What to produce: Your answer should be each line of the entries that contains the word "green", copied in full.

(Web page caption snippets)
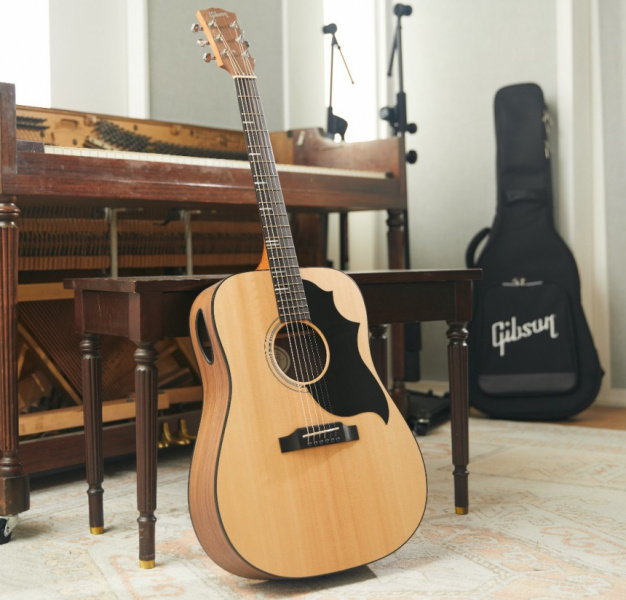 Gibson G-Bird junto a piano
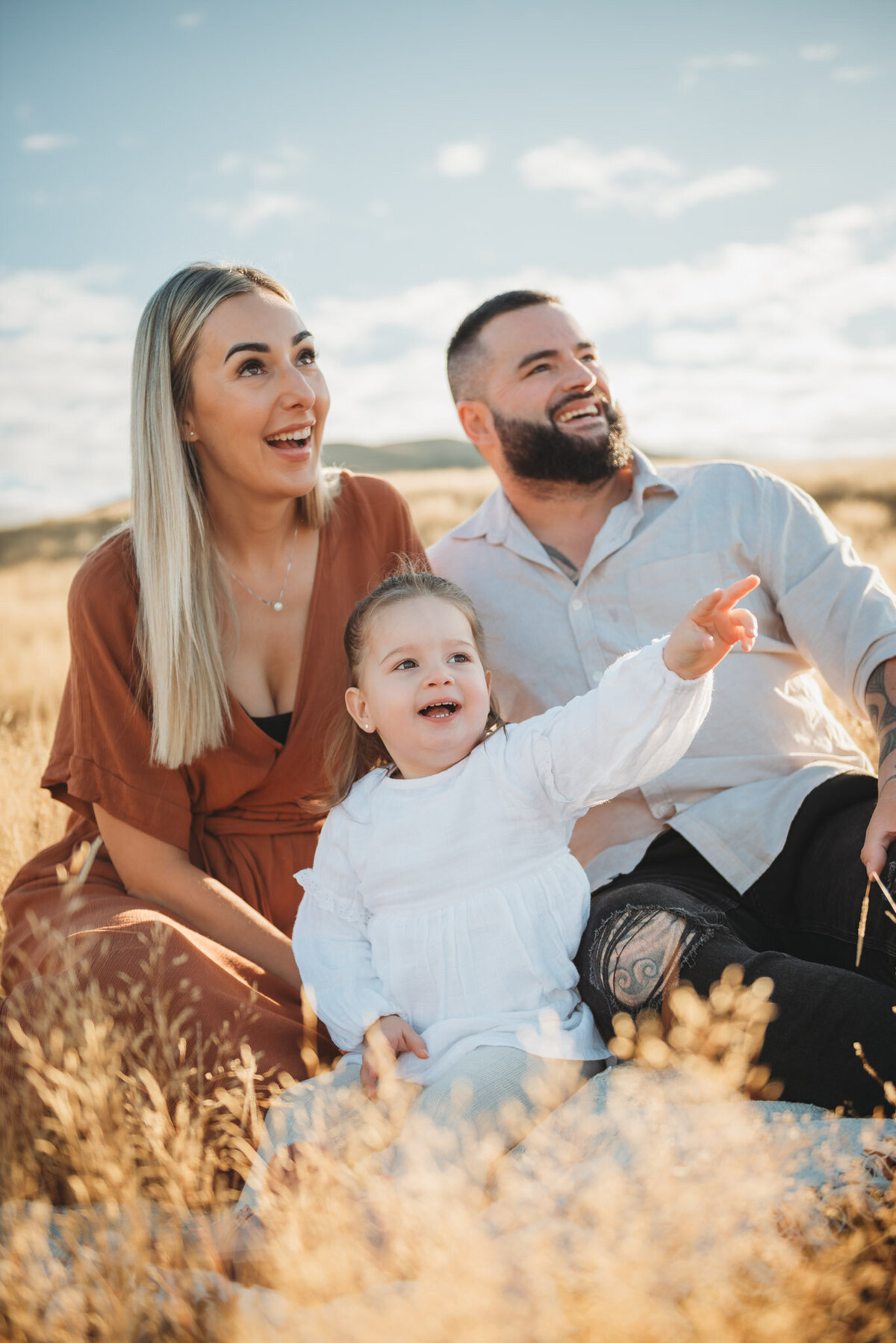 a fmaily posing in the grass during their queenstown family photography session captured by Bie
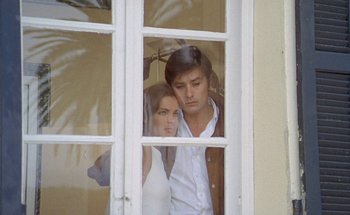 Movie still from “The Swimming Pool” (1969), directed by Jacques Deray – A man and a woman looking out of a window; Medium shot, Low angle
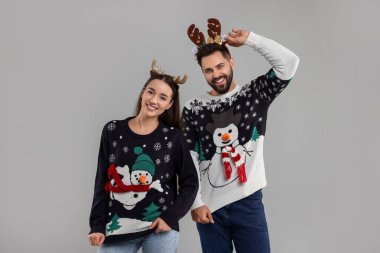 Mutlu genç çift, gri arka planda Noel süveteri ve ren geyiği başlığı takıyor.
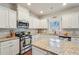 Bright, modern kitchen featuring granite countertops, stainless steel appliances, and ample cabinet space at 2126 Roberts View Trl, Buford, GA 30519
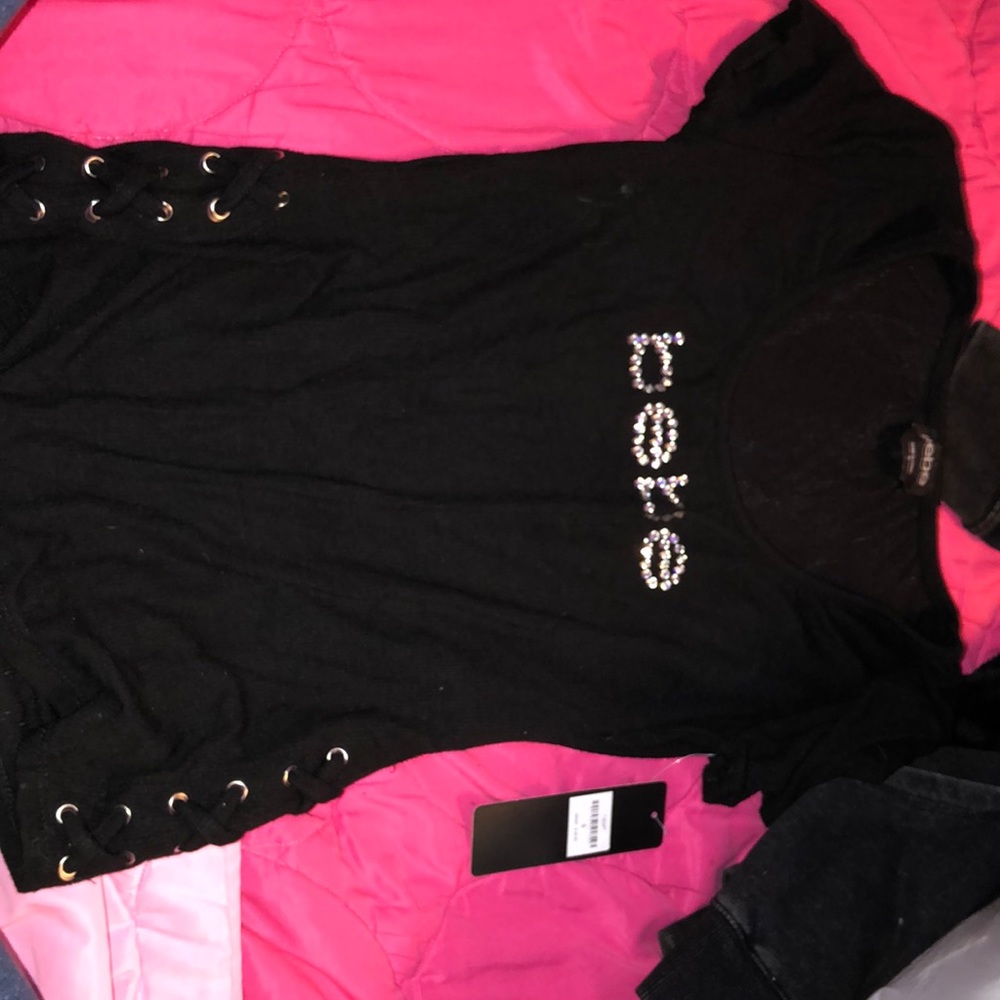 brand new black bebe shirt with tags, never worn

---

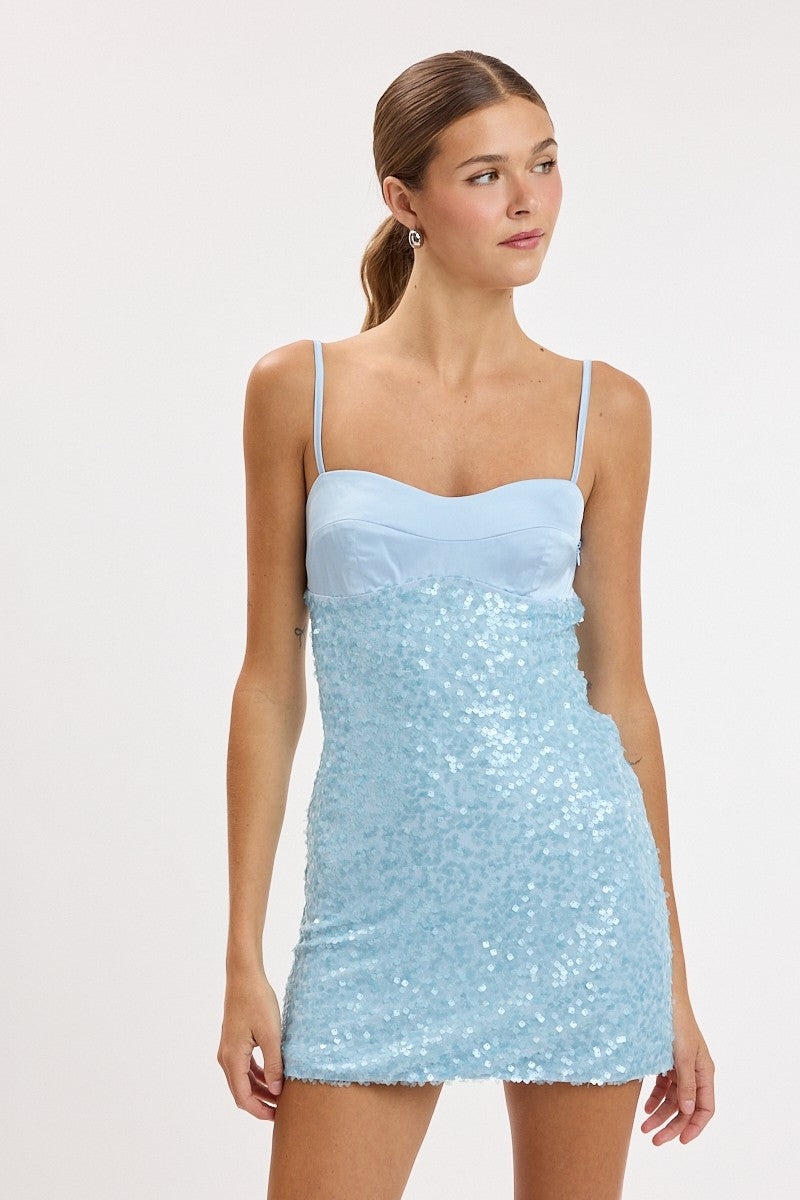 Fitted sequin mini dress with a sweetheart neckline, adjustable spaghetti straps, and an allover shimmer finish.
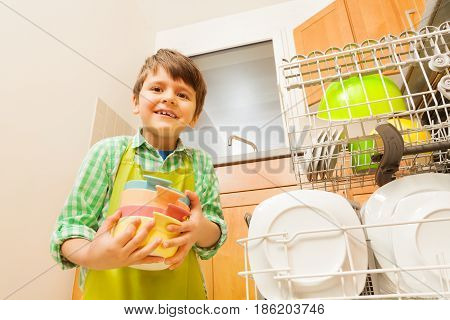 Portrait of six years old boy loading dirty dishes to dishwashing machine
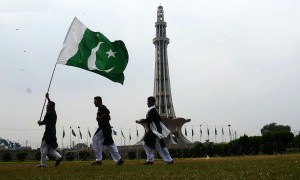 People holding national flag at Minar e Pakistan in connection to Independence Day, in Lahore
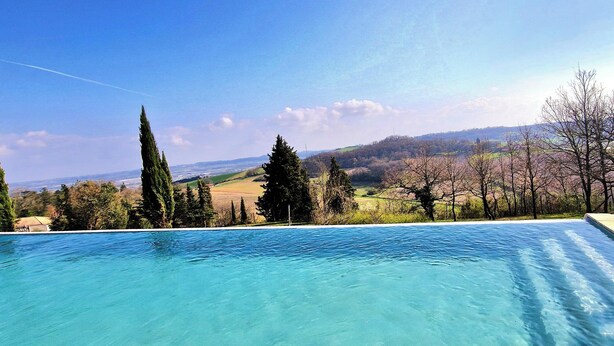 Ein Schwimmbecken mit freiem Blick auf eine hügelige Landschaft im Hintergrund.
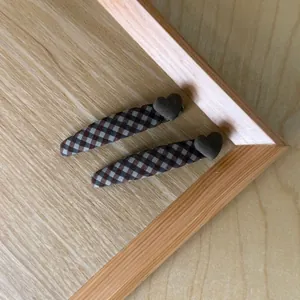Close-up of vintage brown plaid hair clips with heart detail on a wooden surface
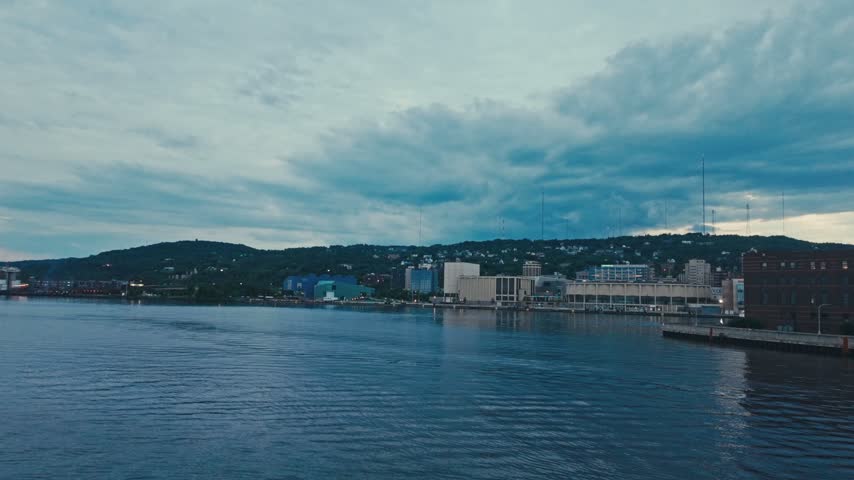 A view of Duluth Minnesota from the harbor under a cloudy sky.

...

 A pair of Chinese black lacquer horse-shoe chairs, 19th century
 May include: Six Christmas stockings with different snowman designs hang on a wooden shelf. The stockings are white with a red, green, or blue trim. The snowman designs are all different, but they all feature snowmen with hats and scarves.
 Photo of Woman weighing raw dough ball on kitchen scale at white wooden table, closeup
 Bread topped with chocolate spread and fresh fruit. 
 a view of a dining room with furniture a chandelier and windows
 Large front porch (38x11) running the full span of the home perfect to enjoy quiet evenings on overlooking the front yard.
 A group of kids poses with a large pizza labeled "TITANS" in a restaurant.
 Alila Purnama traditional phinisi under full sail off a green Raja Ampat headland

Output for this task:
 May include: Six Christmas stockings with different snowman designs hang on a wooden shelf. The stockings are white with a red, green, or blue trim. The snowman designs are all different, but they all feature snowmen with hats and scarves.
 Alila Purnama traditional phinisi under full sail off a green Raja Ampat headland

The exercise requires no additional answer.